The marginalized can't escape the master-slave dialectic, can't escape identity constructed through trauma, unless, to borrow from Deleuze, they/we draw our being at least partially from the future, the "city to come."
If the idea of the individual, with its drive to romantic love, free speech, and other idealistically democratic freedoms is not as useful an idea as it was, was possibility remains for the collective? How differentiated are we/do we need to be from one another? What of our hybridities-- racial, gendered, technological? Are we already borg, with all its orientalized implications?
Can you tell I'm trying to write a grant proposal?

Orange on the outside, ??? on the inside

There is talk as well of what one does to/with creamsicles, but Larissa is infinitely too reserved to discuss these things.

"no but really, he looks like a creamsicle" Sharanpal Ruprai to Sharron Proulx-Turner on Ashok Mathur's shirt. Lisha xxx looking on. Posted by Picasa

it also helps you breathe in the event of a mustard gas attack--Ashok Mathur, birthday boy Posted by Picasa

Tuesday, September 20, 2005

there was and there was not a party

There was a party for not Alana Wilcox, who was not visiting Calgary and was not hanging out at the Kensington Pub yesterday. Ryan Fitzpatrick was not there. Neither of them were imported from Nova Scotia, which, contrary to popular belief, is not another country. Neither of them have red eyes either, but my camera does. A lot of people, in fact, were not there, including yours truly, who did not go home early to be alone with her computer.

Ryan Fitzpatrick and not Alana Wilcox Posted by Picasa

intimate strangers

I leave the party to return to my machine. It remembers everything I've forgotten. It warns me of the future. It reminds me of the past. It brings me old friends from childhood. It schedules my day. It sings to me. It tells the time. It surprises me with unexpected visitors and fascinating projects. It presents me fresh options. It offers good bargains. It is a chance to travel the world. I tell it new ideas. I present it thoughts too uncertain to test on people. It listens intently. It reflects exactly what I said. The machine is safe. I love my machine.

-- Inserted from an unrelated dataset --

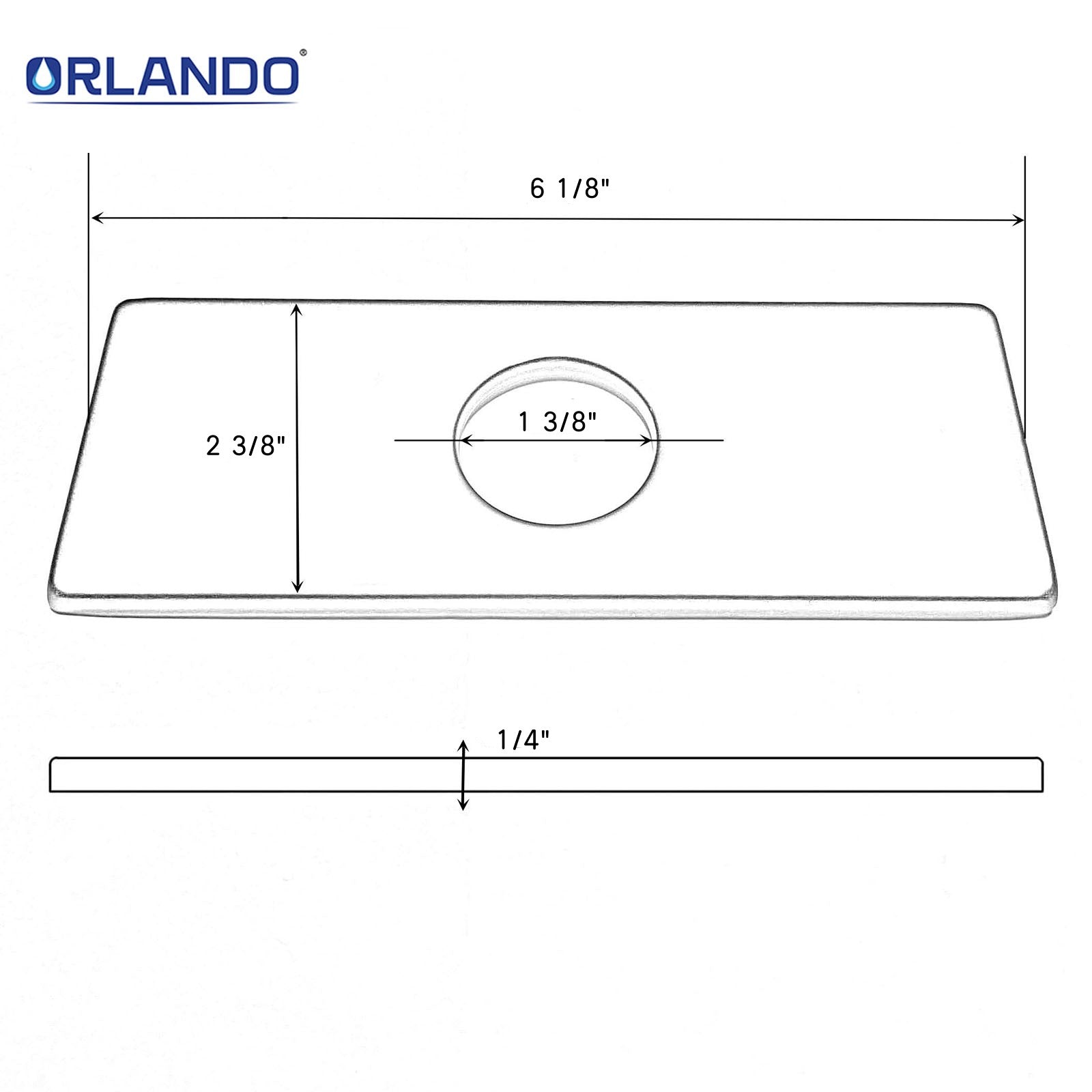 6 inch Stainless Steel Hole Cover Deck Plate for Bathroom Faucet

Monday, September 19, 2005

material bodily principle

Reading Bakhtin on carnival. I can't decide if it is politically useful or not. What he calls "the material bodily principle" in the form of the grotesque seems so full of subversive possibility, but it is also about renewing and reviving. Holiday from the status quo, a moment to release all that one has repressed in order to return to the world of hierarchy and officialdom when carnival is over. But so appealing in its gooeyness...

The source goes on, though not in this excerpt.